Doc, as he was popularly and fondly called, was a champion of universal access to secondary school education and co-education in secondary schools. It is patently obvious that J. P. Eustace altered positively the course of the history of St. Vincent and the Grenadines. Education is Liberation. He liberated many persons from ignorance and illiteracy. He loosed them from their shackles and released them to make a meaningful contribution to nation-building. He helped to create a knowledge culture or a culture of education and enlightenment that surely redounded to the honour of SVG. Dr. Eustace gave 64 years of dedicated selfless service and personal sacrifice to the people of St Vincent and the Grenadines. It was not easy to do what he did, especially at the time he lived. It was heroic. I do not think Doc has an equivalent anywhere in the world.
It goes without saying that Dr. Eustace contributed to the improvement of the economic, social or political conditions of Saint Vincent and the Grenadines and Vincentians in general by his work in education, healthcare and religion. He attained the highest excellence and in all likelihood the Prize of the High Calling of God.

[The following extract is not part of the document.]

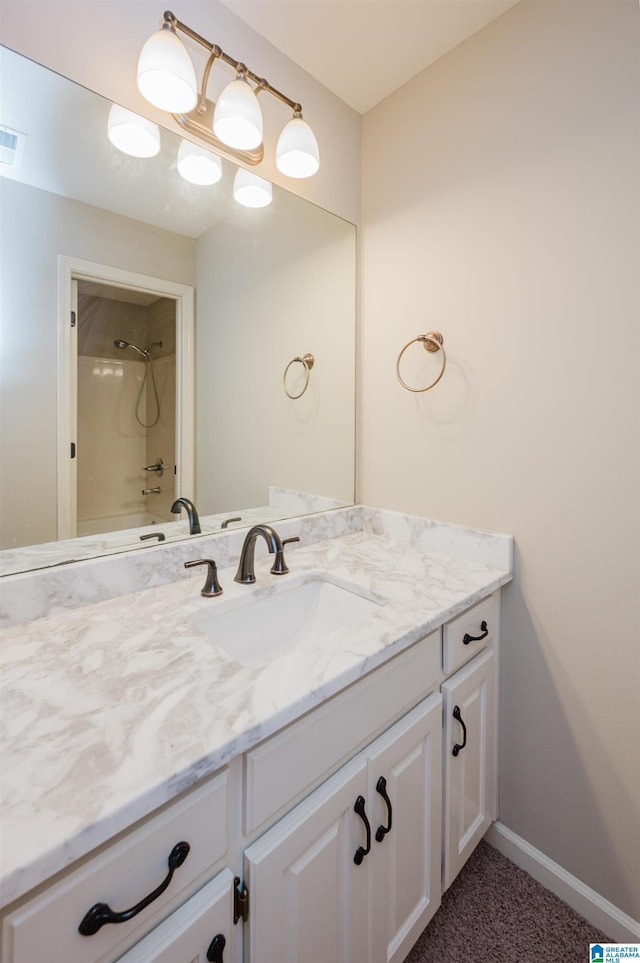 4208 Waterford Ln, Trussville, AL 35173 - bathroom with vanity and tub / shower combination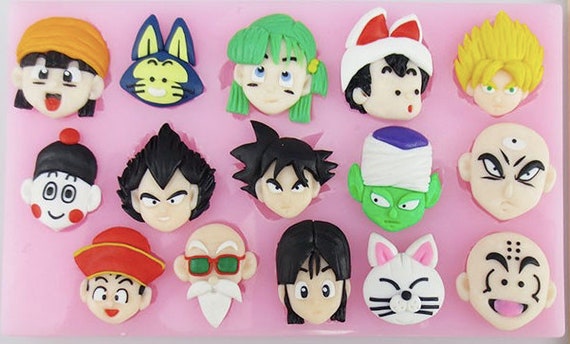 ANIME MOLD, Fondant Mold, Silicone Chocolate Mold, Cartoon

I learnt some time ago that as a matter of an interesting coincidence Pamenos Ballantyne was named after Dr. John Parmenas Eustace (there was a slight variation in spelling). Pamenos’s recently deceased mother described Doc as the greatest Vincentian to have ever lived. Pamenos was told about the reason for his name and this gave him a sense of confidence. It may have even spurred him on to the heights of athletic achievement. This seemingly casual observation might take on some significance in light of the fact that I once heard renowned Vincentian historian Dr. Michael Dennie bemoan the fact that it seems as if no one has really seen it fit to name any of their children after Chatoyer.
I am a politician. However, I would be the first to say that we must disabuse our minds of any notion that a National Hero has to be a political figure. Carlton “CP” Hall when he was Principal of the Dr. J. P. Eustace Memorial Secondary School concluded a series of articles by saying that it “is a widely held view” that Dr. John Parmenas Eustace should be “awarded the highest national honour” for his contribution to national development. I agree with him. It may be fitting for Dr. Eustace to be named a National Hero as we commemorate the 95th anniversary of the founding of his first school.